Absolutely. Fun to read, made me smarter, but half of it could be different in any other version of gcc.
And frankly, if these are your problems, you're doing pretty well. I worked on a product that had some numerical parts, which were sometimes the limiting factor in performance, though usually not. So one day I was talking to a guy who wrote the numerical code about why regression testing was difficult and subtle, and it was revealed that our numerical results could differ from build to build. I.e., a single build of the product always produced the same results, but if you changed the floating point code, the new build might produce different (though equally accurate) results, even if semantically the program was supposed to perform the same C math operations on the same data.
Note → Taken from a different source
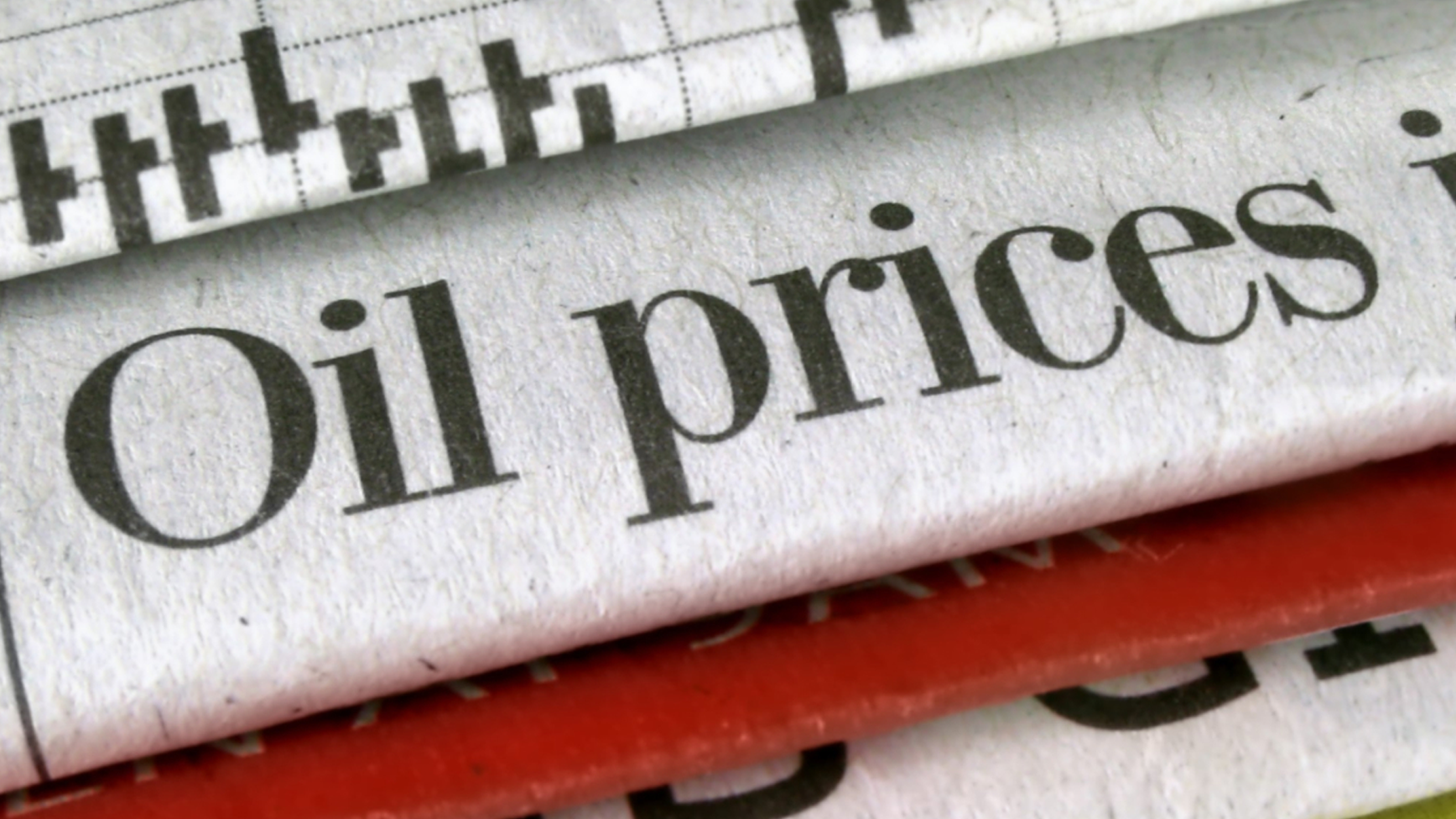 A newspaper shows a headline warning of oil price rises.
Which makes perfect sense if you're using the old stack-based x87-style floating point instructions. We couldn't be... not in the 21st century on Opterons... check Makefile and gcc man page... biggest facepalm of my career.
We were able to announce a nice speedup on some workloads in the next release.
He could have added the switch statement optimization. That's my favorite. GCC 4 can optimize switch statements with sequential keys e.g. (1,2,3,4 ...) into a jump table. This was AFAIK introduced in GCC 4
#2 was an error I had, and a co-worker told me screaming that I was a crappy programmer because I did it, now that I know it's optimized I feel like he owns me an apology or maybe not :-)
I visited a local hacker-space with a friend of mine to talk about a project of ours. A bunch of those guys are NASA and they know quite a bit about how to engineer for reliability. Since our project involved a lot of soldering, he suggested that we estimate our average solder join failure rate and use that as the number of expected failures to look for. That's what he does in his personal projects.
I exclaimed that was brilliant, then was a little embarrassed. Of course! Duh! I know I'm not perfect and I'm smart enough to have deduced that I have something like an average failure rate for solder joins. So why have I been proceeding for years and years as if I could just do everything perfectly if I just tried hard enough?
Every new function you write is a risk. Minimize your risks. Maximize the cost/benefit. Every routine you optimize is a risk. Minimize your risks. Maximize cost/benefit.
One's problems as a programmer are more likely the result of excess hubris and not insufficient smarts.
EDIT: Fear is as big a problem as hubris. Walk the middle path. You are your own optimization problem, and the optimal solution is almost never a no-brainer shove of a lever all the way in some direction.